Despite being relegated to the role of housewife on the frontier, Jeanne becomes a mother, a healer, and a good friend to many other settlers. She carves a life for herself outside the expectations she encounters, and gradually changes her husband’s opinion of women as well. Very gradually.
I enjoyed reading about Jeanne and how she faced the hardships she encountered, but I found it quite convenient that Jeanne didn’t get pregnant until years into her marriage to Simon. After reading about the woman who had child after child until it was sure to kill her in Esther by Sharon E. McKay (another early settler story), I wondered how Jeanne was able to avoid getting pregnant while she established herself as a healer and strengthened her relationship with her husband.
That point aside, I can easily see why this book is part of some school curriculums in Quebec. It’s a great adventure story for early to mid teens with an inspiring female character who isn’t afraid to be herself.
Memorable Quotes:
“‘I’m not very adept at prayer,’ admitted Jeanne frankly.
‘You’re a good girl. You’ll help others: that will be your way of praying. Some people’s devotion is more useful that other’s. You will be one of those.'” – conversation between Jeanne and Sister Bourgeoys from The King’s Daughter by Suzanne Martel, page 33
“Widow Myrand, surly and not at all pleasant, showed her guests to rooms as small and overcrowded as those on the ship they had just left. No one complained. A spirit of self denial was essential baggage for those who came to colonize the new world.” – from The King’s Daughter by Suzanne Martel, page 41
“As Pierre Boucher said in his book on Canada, ‘The winter, though the ground is covered with snow and the cold a bit harsh, is not always unpleasant. It’s a cheerful cold.'” – from The King’s Daughter by Suzanne Martel, page 132
“All at once, the truth came clear to her.

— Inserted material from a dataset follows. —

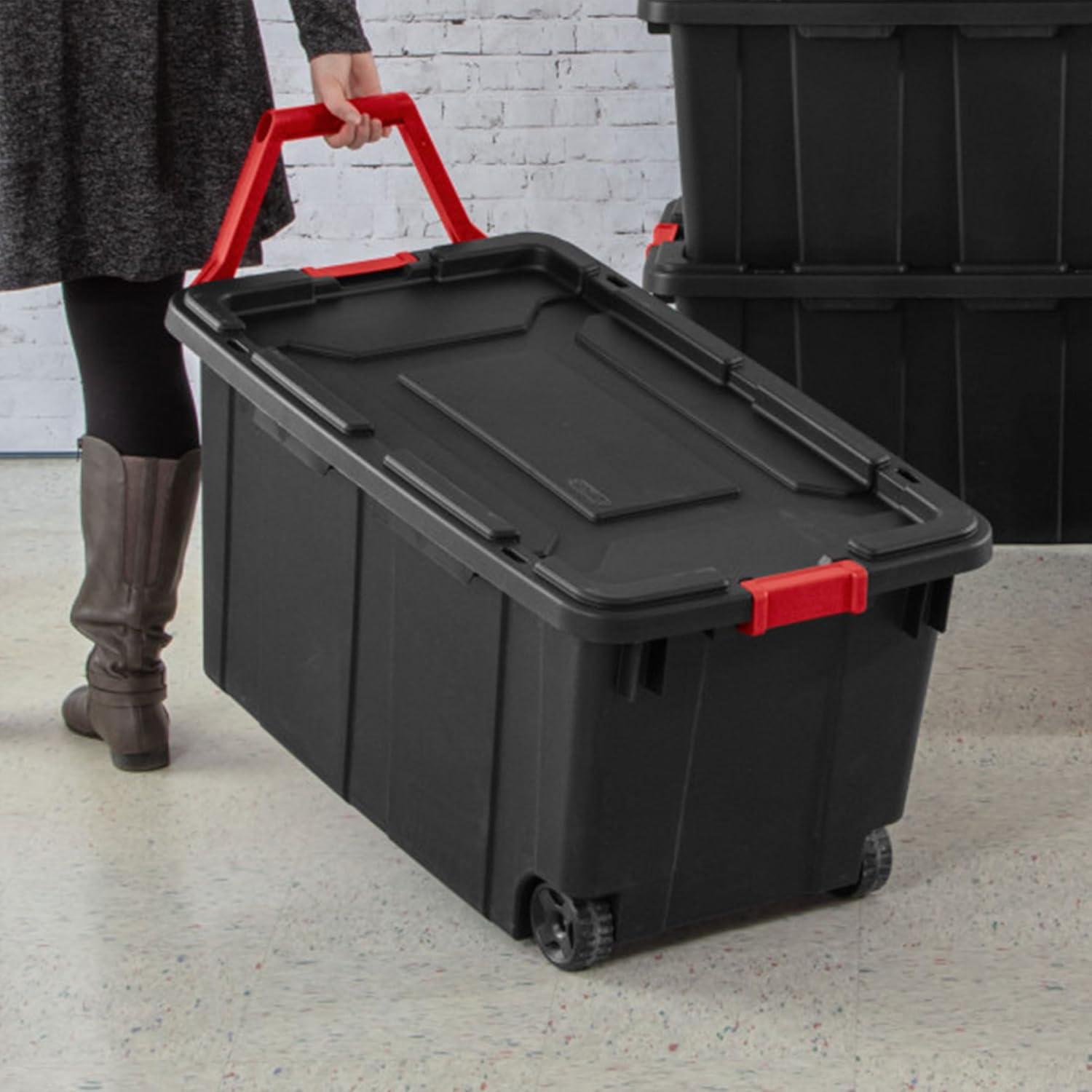 imageSterilite 2Pack Industrial Tote HeavyDuty Storage Bins w Lids and Wheels 40 Gallon Stackable Organizing Containers for Home Garage Office and BasementBlack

A wife accompanied by her husband was not a real person, but just a pale reflection, a creature without substance who existed only because someone had given her his name. For these rough men, a woman anywhere else but in her house was a burden, an unnecessary risk, an inevitable responsibility.” – from The King’s Daughter by Suzanne Martel, page 165
“Jeanne was surprised how unmarried women like Marguerite Bourgeoys and Jeanne Mance had succeeded in asserting themselves through their personal value, whereas married women seemed eternally destined to live in the shadow of their worthy husbands.” – from The King’s Daughter by Suzanne Martel, page 168
The King’s Daughter by Suzanne Martel is published by Douglas & McIntyre Ltd. Translated by David Toby Homel & Margaret Rose (1980).